This year, consider taking a kinder, gentler approach. By shopping at locally-owned small businesses, you can actually give back to your community during the holiday season, and have peace-of-mind at the end of the shopping day.
This Saturday, Nov. 26, is the second go-round for Small Business Saturday, initiated by American Express in 2010, and picked up by a multitude of other businesses and organizations, to promote and preserve the small businesses that create jobs, boost our local economies, and preserve neighborhoods.
This year, Small Business Saturday and the leading social marketers — Facebook, Google, and Twitter.
According to the statistics on The 3/50 Project website, which helps promote small businesses, for every $100 spent in individual brick and mortar stores, $68 stays in the community. The same $100 spent at a big box store only returns $43 to the local community, and money spent online returns nothing to the local community.
“Small Business Saturday is an opportunity to show our support for our friends and neighbors who throughout the year are growing our local economy, as well as supporting many local initiative and organizations,” said Small Business Association administrator Karen Mills. More than 200 advocacy groups have joined the initiative.
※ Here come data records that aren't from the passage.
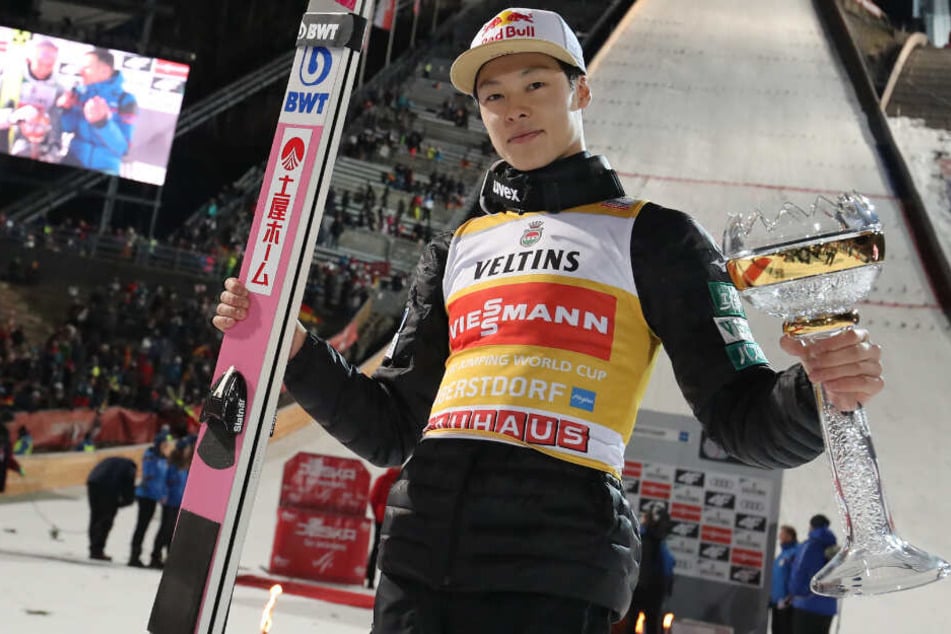Ryoyu Kobayashi aus Japan feiert seinen Sieg mit dem Pokal.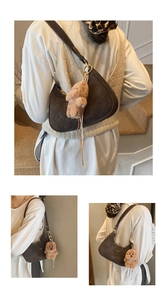 Deep brown crescent hobo bag with plush bear charm and elegant pearl necklace detail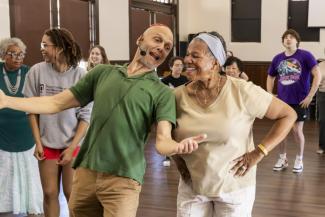 Fuad dancing with students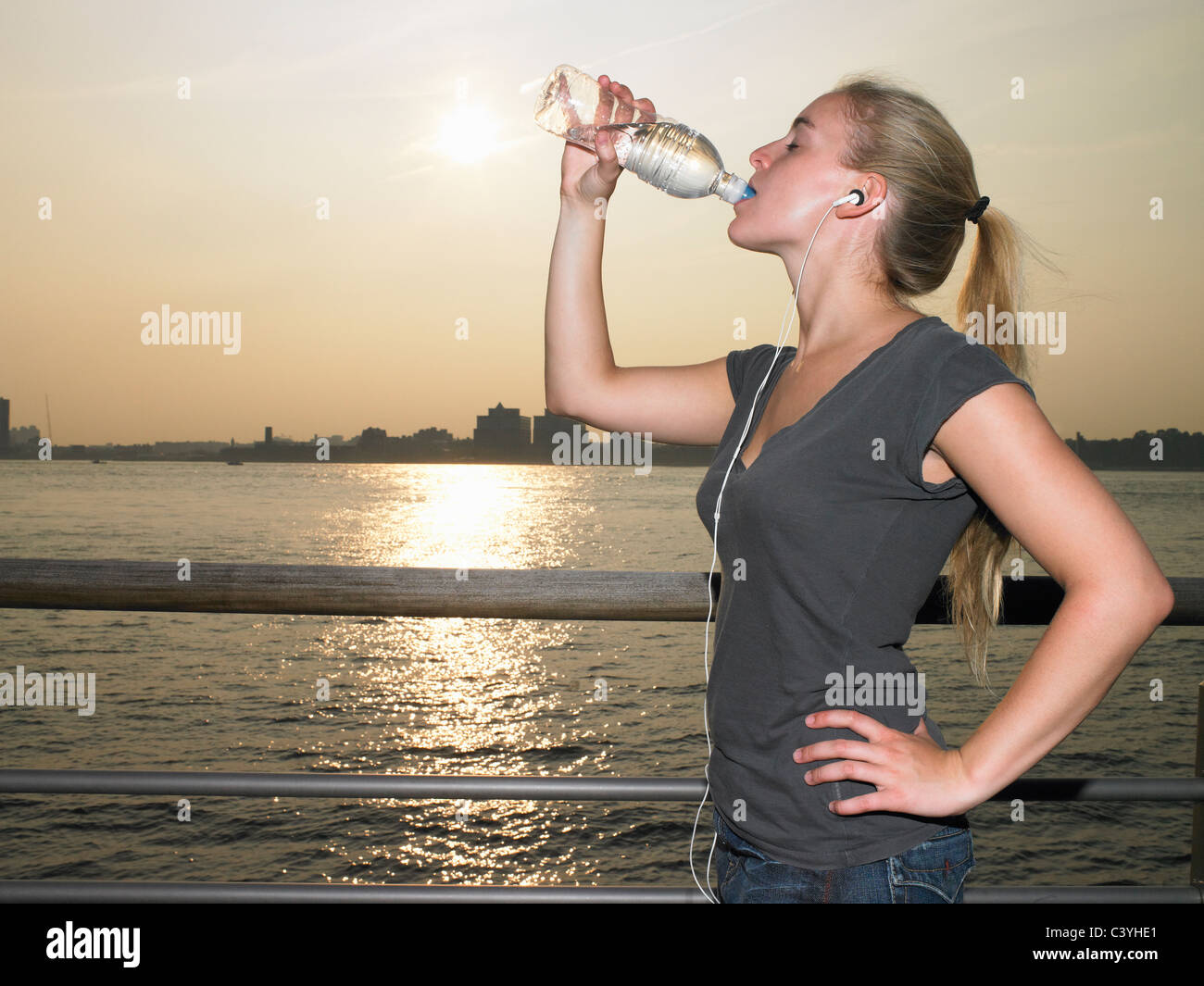 Woman with mp3 player, drinking water Stock Photo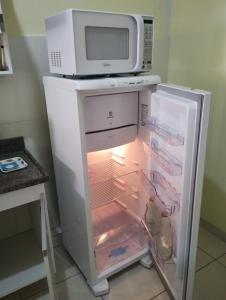 a microwave sitting on top of an open refrigerator at Ap completo 01 quarto com ar condicionado, wi-fi in Viçosa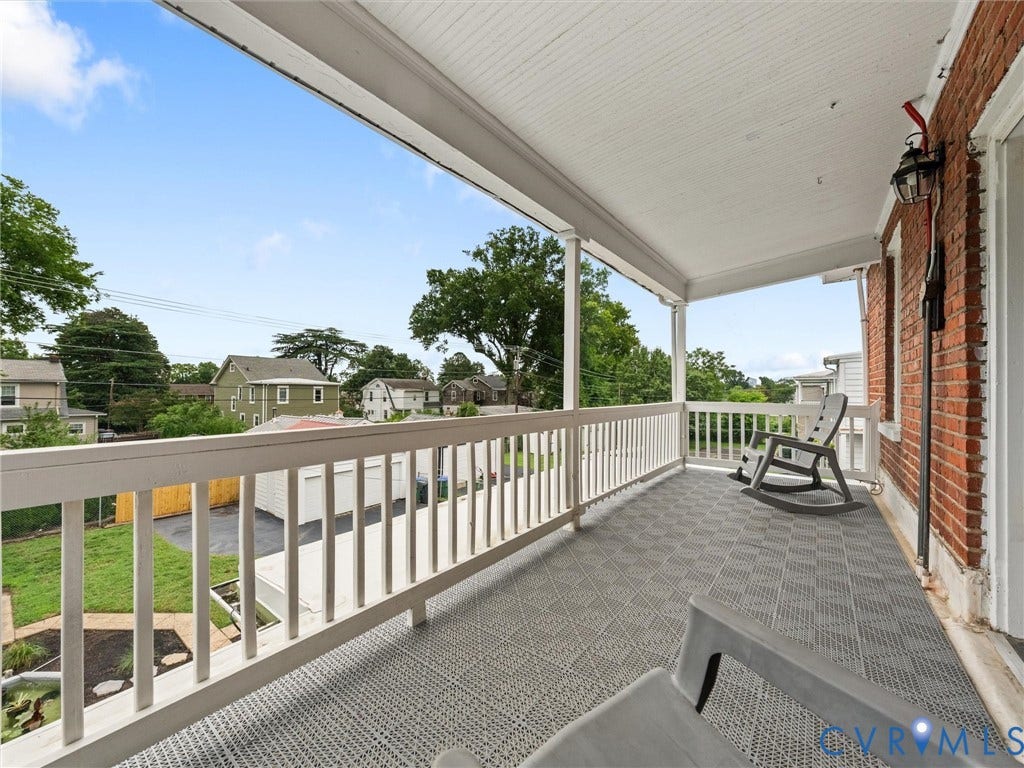 2911 Northumberland Avenue, Northside, Richmond, VA 23220 Covered porch featuring a red brick exterior wall, white wood railing, and a patterned floor surface
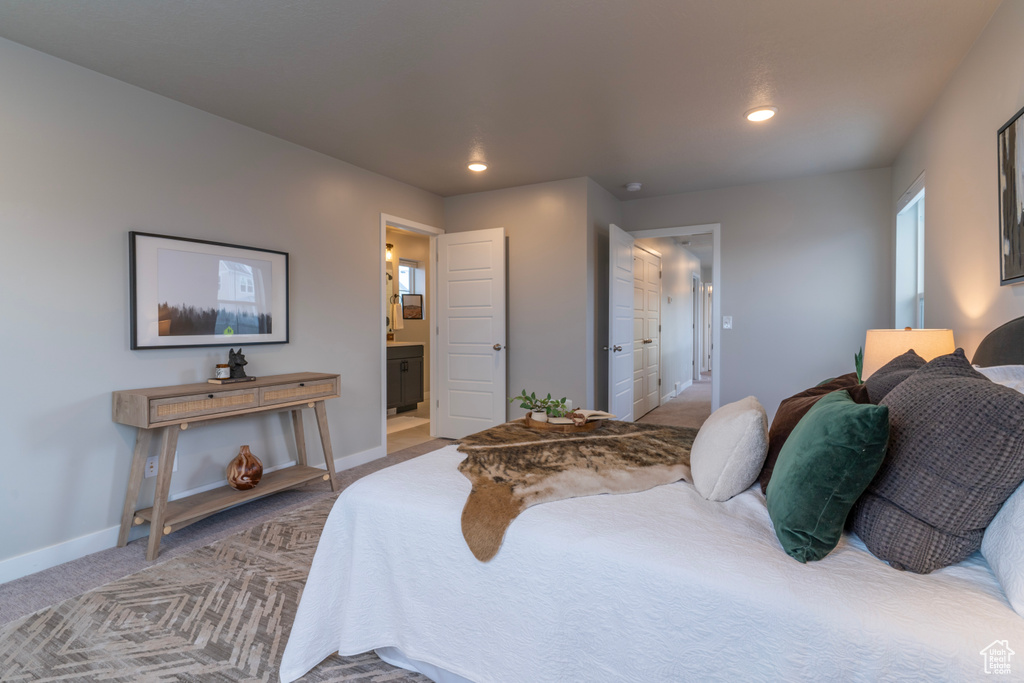 Bedroom with carpet flooring, baseboards, recessed lighting, and connected bathroom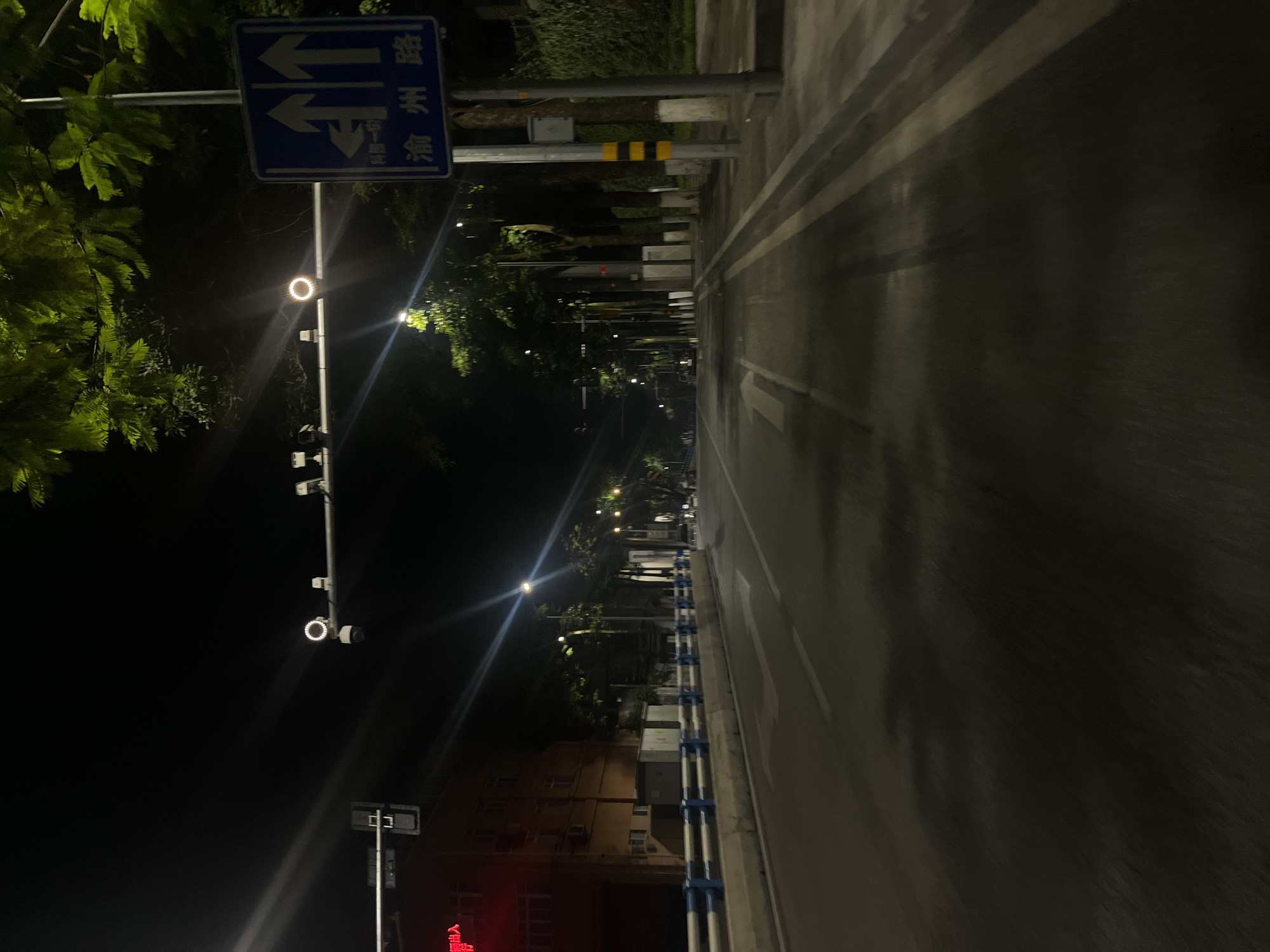 This image captures an empty urban road at night, identified as Yuzhou Road (渝州路) near Keyuan 1st Street (科园一街) in Jiulongpo District, Chongqing, China. The road surface appears dark and reflective, suggesting dampness, possibly from rain. The perspective is low, likely taken from a moving vehicle.
In the midground, a concrete median barrier with blue and white railings separates the main thoroughfare from the left side of the road. To the left, a multi-story building displays a red illuminated sign or interior light. Above the road, an overhead gantry spans the width, equipped with a prominent circular light (possibly a traffic sensor or signal) and multiple surveillance cameras or sensors. A vertical traffic light is visible further to the left.
On the right side of the road, a blue rectangular directional sign is affixed to a pole, clearly displaying "渝州路" (Yuzhou Road) in large characters, accompanied by arrows indicating straight and left turns. Smaller text below reads "科园一街" (Keyuan 1st Street). Lush green trees with dense foliage overhang the road from the right, extending into the distance along a sidewalk. Streetlights cast bright glares and lens flares across the scene, providing the primary illumination. The background shows the road receding, lined by more trees and indistinct building outlines. No people or active vehicles are visible, contributing to the deserted nighttime atmosphere.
American Express noted the program netted a 28 percent increase in sales at participating small businesses in its inaugural year and numbers are expected to improve as social media networks lend their support in greater numbers. Facebook, Google and Twitter have created space for small businesses to share their success stories. The Small Business Saturday page on Facebook had 2.4 million “likes” this week, compared to less than one million last year.
Cinda Baxter, founder of The 3/50 Project, encourages consumers to first look toward their local businesses before they choose to buy.
“It’s not about ‘shop local’ or ‘buy local,’” she added. “The goal is to support all local businesses.”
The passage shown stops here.